Meet Clement Gascon, the unvetted Quebec judge joining the SCC
Supreme Court of Canada Justice Clement Gascon speaks during a welcoming ceremony at the Supreme Court of Canada, in Ottawa, Monday, Oct. 6, 2014. (Adrian Wyld / THE CANADIAN PRESS)
Published Monday, October 6, 2014 11:22AM EDT
Last Updated Monday, October 6, 2014 8:09PM EDT
Quebec Justice Clement Gascon will take his seat on the Supreme Court of Canada this week after a quiet appointment by a government stung by a public feud with the chief justice and the ultimate rejection of its previous appointee.
Prime Minister Stephen Harper named Gascon to the top court in early June. Gascon fills a Quebec spot on the court left vacant by the retirement of Justice Morris Fish more than a year ago. This is the longest a seat has remained vacant in 139 years.
The 54-year-old father of three publicly thanked the Supreme Court of Canada and Chief Justice Beverley McLachlin at his welcome ceremony Monday.
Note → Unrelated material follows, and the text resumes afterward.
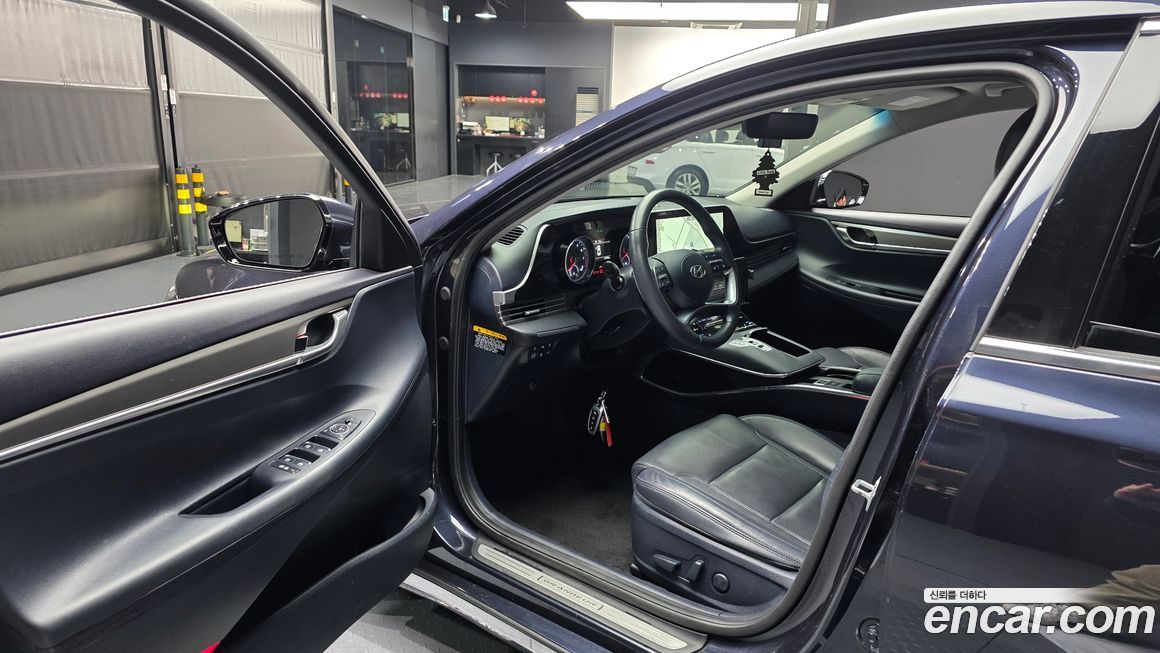 Hyundai Grandeur 2020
Gascon then joked he wanted to use his camera to take a selfie photo “but the judiciary is not there yet.”
Gascon said his wife had likened his appointment to the top court “like appointing an alcoholic the president of the LCBO” – a reference to Ontario’s liquor control board.
Gascon also said he feels blessed to serve in the appointment and he’s looking forward to the task, bringing with him feelings of “pride and apprehension.”
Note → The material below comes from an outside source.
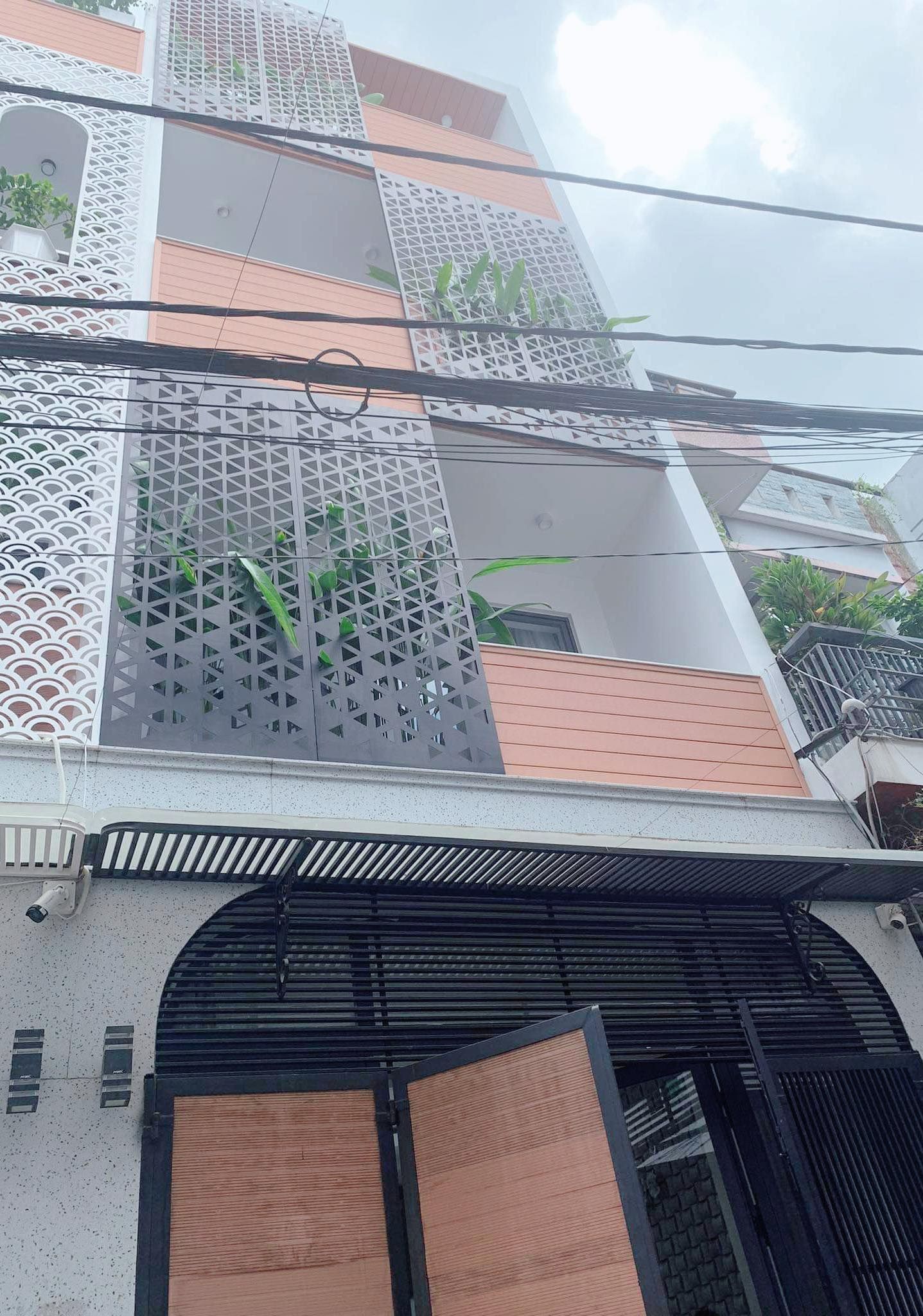 Nhà mới full nt ngay khu phân lô đồng bộ Emart - 2mt HXH 41m2-4tang Phan Huy Ích Gò Vấp -7 tỷ nhỉnh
“I want to make sure I am worthy of the trust placed in me,” he said. “I intend to live up to the challenge to the best of my abilities. Like all the members of the court, I want to maintain the essential trust of Canadians in their judiciary. I hope I’ll be able to make the justice system more effective, more intelligible, more accessible to my fellow Canadians.”
McLachlin praised Gascon as a “hard-working and gifted jurist.”
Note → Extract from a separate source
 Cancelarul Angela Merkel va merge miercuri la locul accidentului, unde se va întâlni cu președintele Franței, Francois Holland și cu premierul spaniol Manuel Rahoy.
Gascon was named to the Supreme Court after Harper’s first choice to fill the seat, Federal Court Justice Marc Nadon, was ruled ineligible last March. Nadon’s rejection led to a falling out between the Harper government and McLachlin.
For Gascon’s appointment, Justice Minister Peter MacKay skipped normal protocol and said Gascon would not have to appear before a parliamentary committee, as the current Supreme Court selection process calls for, because that process is now under review.
As Gascon takes his seat, here’s a look at the top court’s newest judge.
Who is Justice Clement Gascon?
Gascon was born in Montreal in 1960, and received his law degree from McGill University in 1981. He was called to the Quebec bar in 1982 and spent 21 years in the Montreal office of one of Canada’s top firms, Heenan Blaikie.
While there, Gascon’s focus was civil and commercial litigation, and labour law. He was the partner who oversaw the firm’s litigation work from 1994 to 1999.
While working as a lawyer, Gascon also taught business, labour and construction law at the Universite du Quebec and at McGill. He also co-wrote books, articles and other publications on various employment law issues, particularly employment contracts.
He was appointed to the Quebec Superior Court on Oct. 10, 2002, and to the Quebec Court of Appeal on Apr. 5, 2012.
Gascon brings with him cases on controversial issues such as assisted suicide and the gun registry.
When the prime minister announced Gascon’s appointment last June, he said Gascon’s “wealth of legal knowledge and experience will be of significant benefit to this important Canadian institution.”
Harper added that Gascon was appointed following “broad consultations with prominent members of the Quebec legal community.”
Gascon had not appeared on the short list of Quebec judges that a parliamentary committee had submitted to the prime minister last year, when Harper selected Nadon.
Gascon is married to Quebec provincial court judge Marie Michelle Lavigne. The couple has three children.